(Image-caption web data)
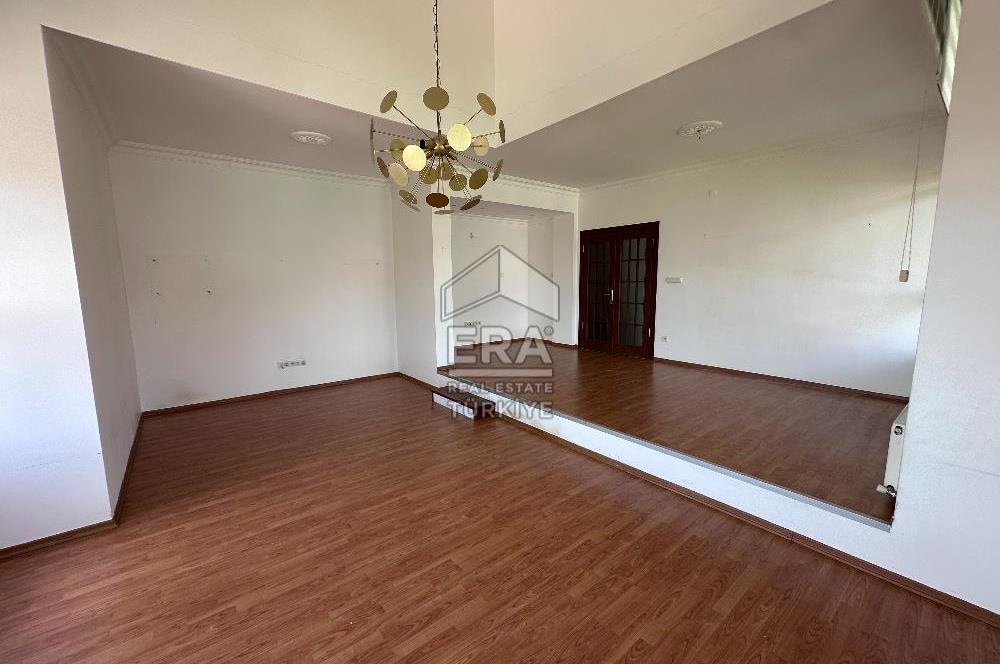 Sarıyer Uskumruköy'de Güvenlikli Sitede 4+2, 290m2 İkiz Villa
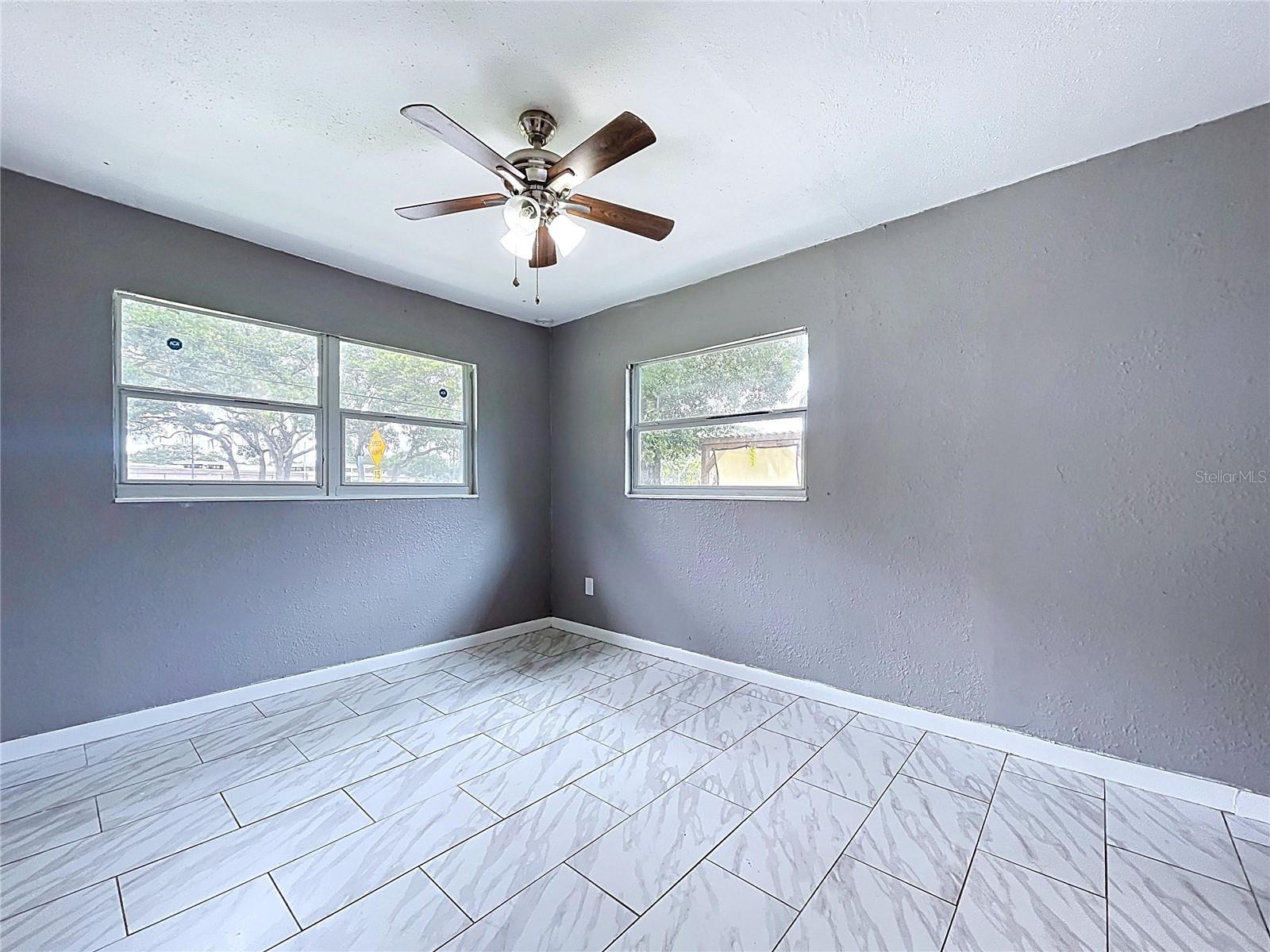 1341 SANDY LN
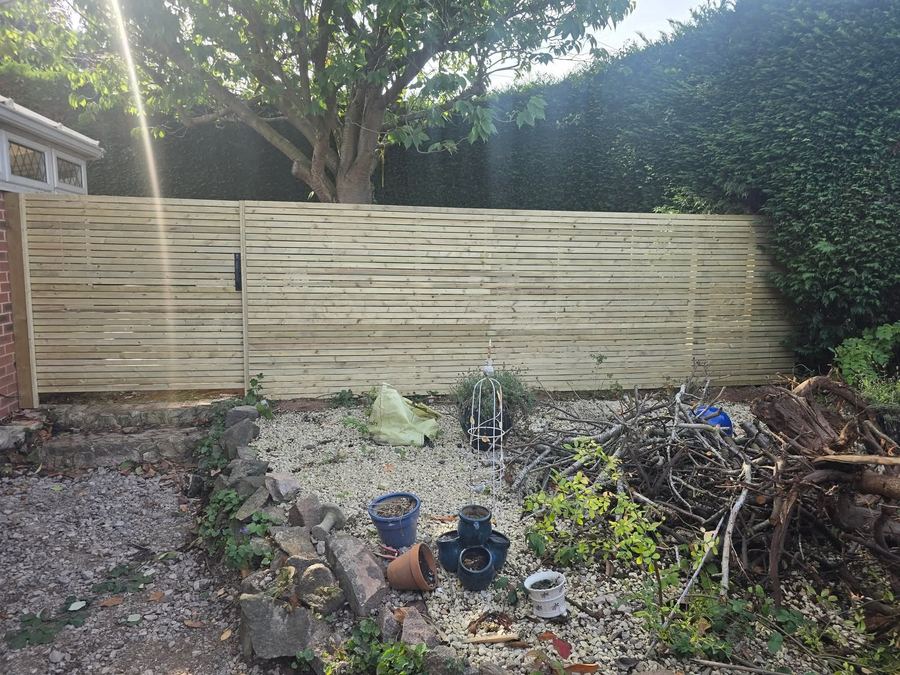 Contemporary slatted screen with concealed gate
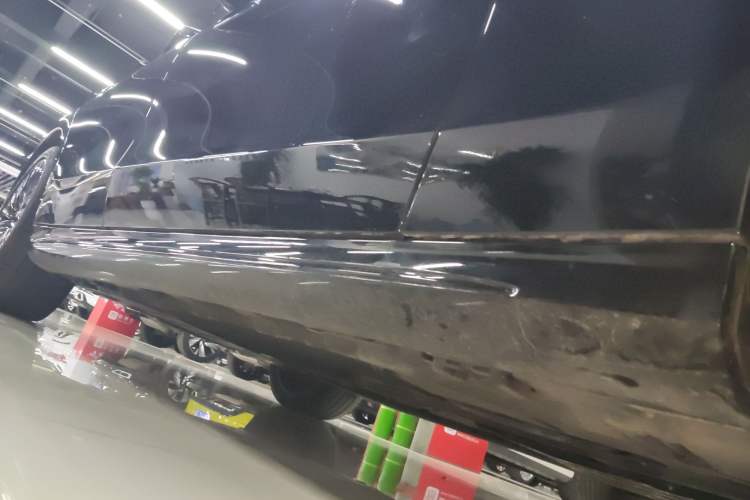 Used Mercedes-Benz E-Class 2024 E 300 Luxury Sport Edition Right Side Sill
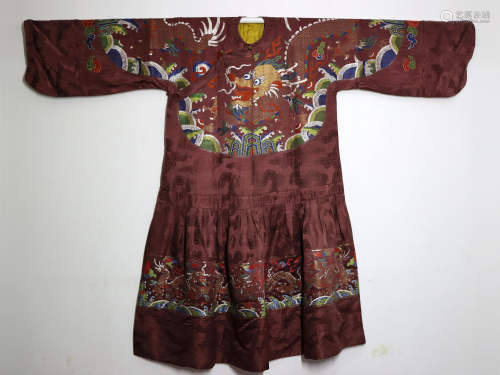 QING SILK RED-GROUND EMBROIDERED DRAGON ROBE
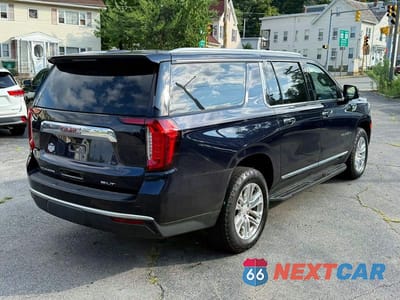 Trzecie zdjęcie samochodu z tyłu: 2022 GMC YUKON XL K1500 SLT VIN:1GKS2GKD4NR246536 - miniatura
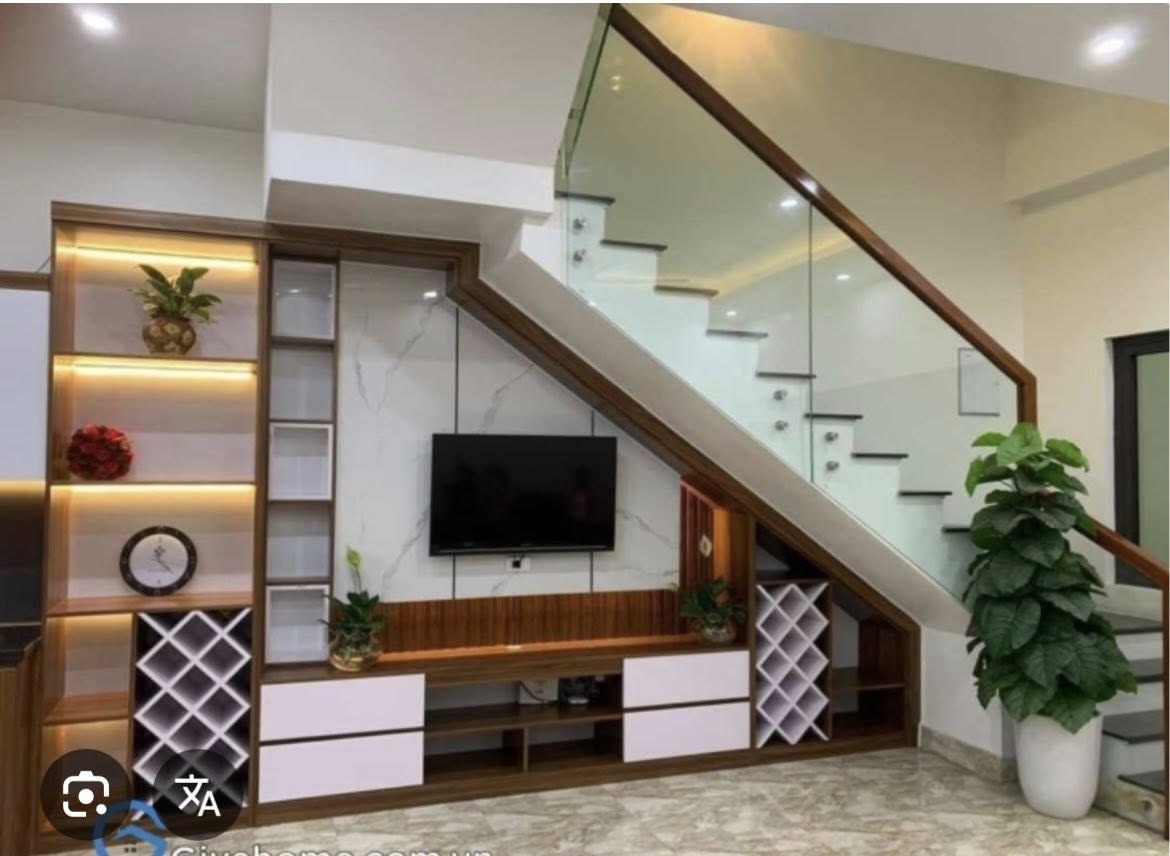 Kệ tivi dưới gầm cầu thang 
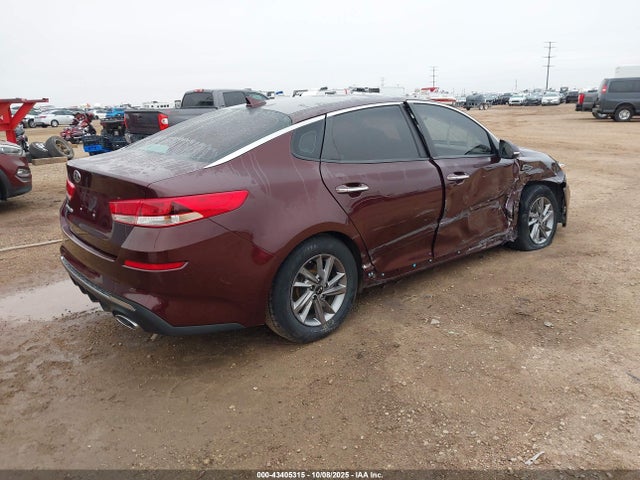 5XXGT4L38LG403827 KIA Optima Lx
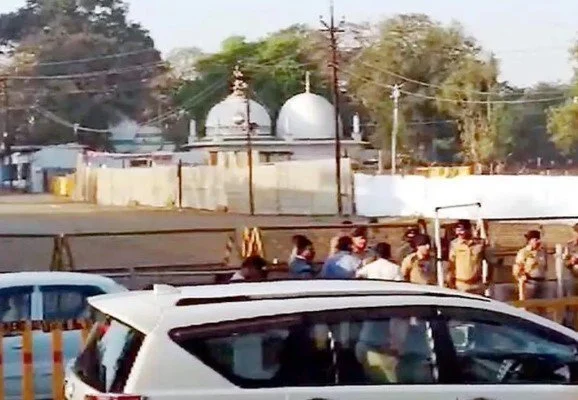 भोजशाला मामला एक और कारण से महत्वपूर्ण है – यह न्यायाधीशों के परिजनों पर ध्यान केंद्रित करता है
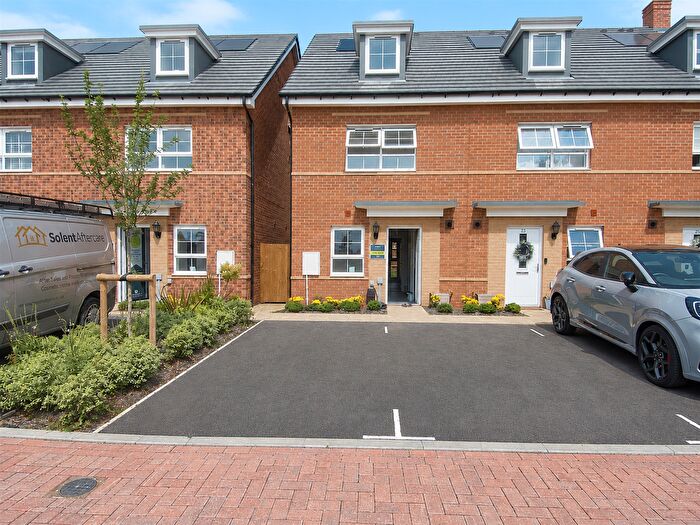 4 Bedroom Property To Rent In St Thomas Grove, Havant, PO9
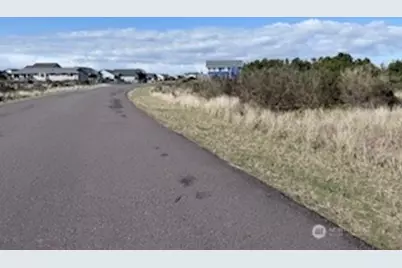 436 Portal Loop S, Ocean Shores, WA 98569 - Photo 3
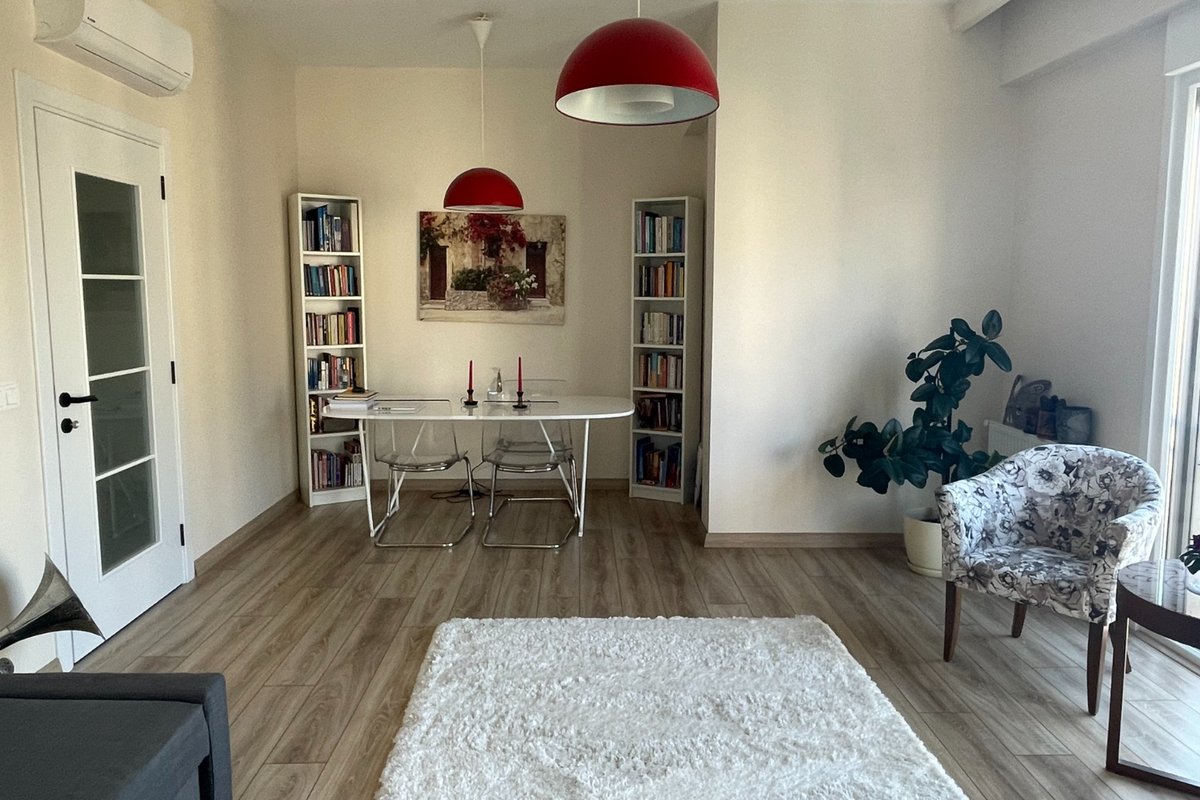 Kadıköy kiralık oda – Bayan Ev Arkadaşı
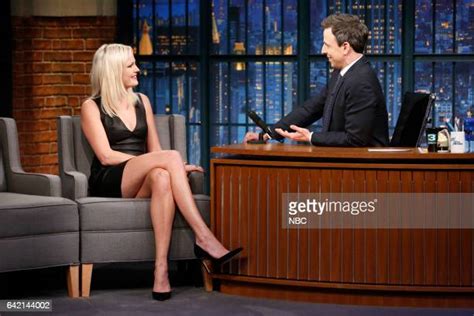 malin akerman nude|Watch Late Night with Seth Meyers Clip: Malin Akerman Posed。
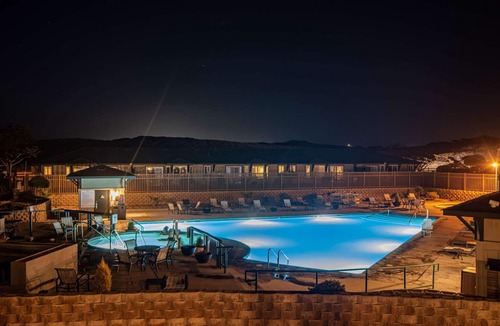 Marina Condo | 2x 2BR in Beach Resort with Pool, Hot Tub, Firepit
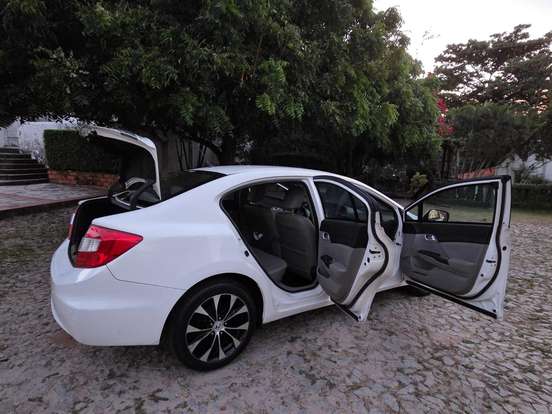 HONDA-CIVIC-2015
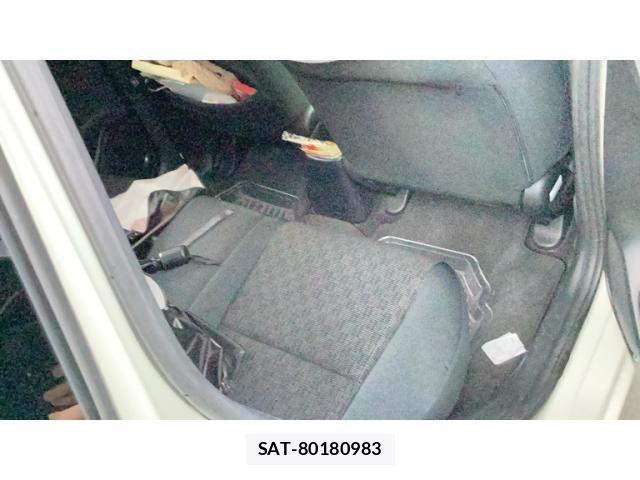 Honda FIT 2015-11 8371728-16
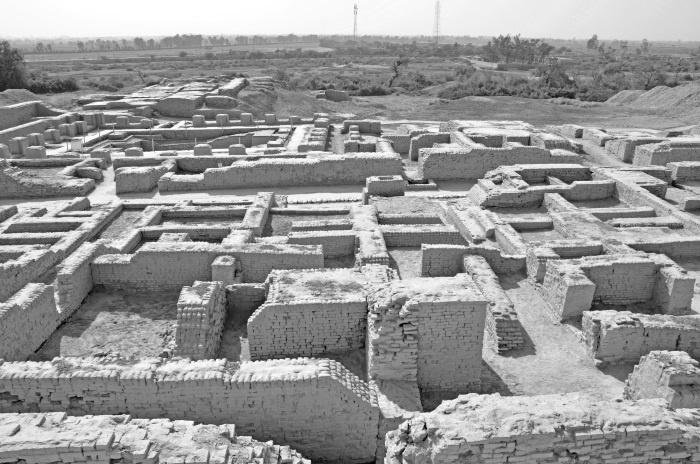 Иллюстрация к книге — Путин - Трамп. О чем не знают в Госдепартаменте? [i_016.jpg]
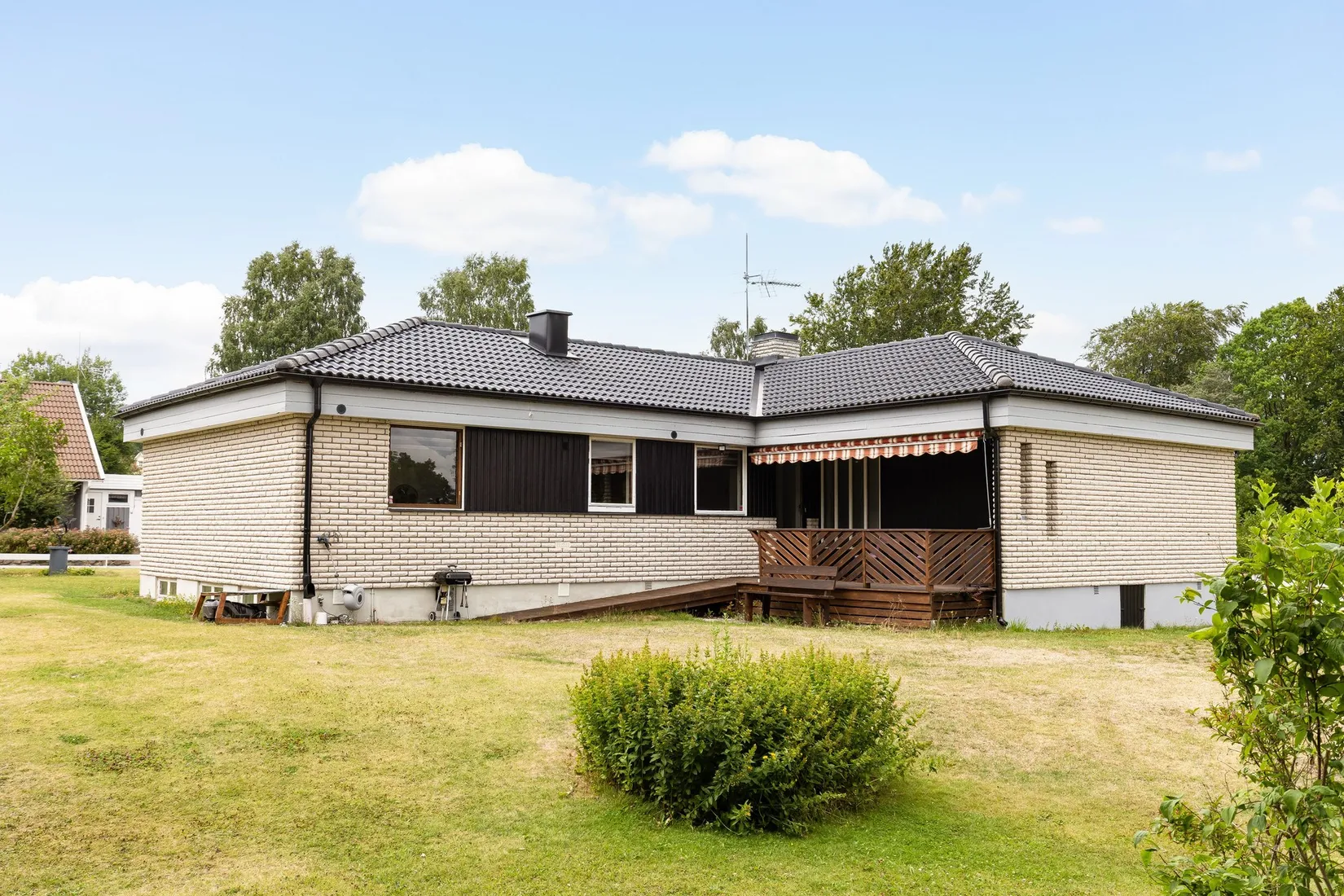 Villa, Mellangatan 1, Vissefjärda, Emmaboda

What to produce:
Set down word for word every line from the one containing "Иллюстрация к книге" through the last line of the records above, both ends included. Leave out the pictures.

Answer below:
 Иллюстрация к книге — Путин - Трамп. О чем не знают в Госдепартаменте? [i_016.jpg]
 Villa, Mellangatan 1, Vissefjärda, Emmaboda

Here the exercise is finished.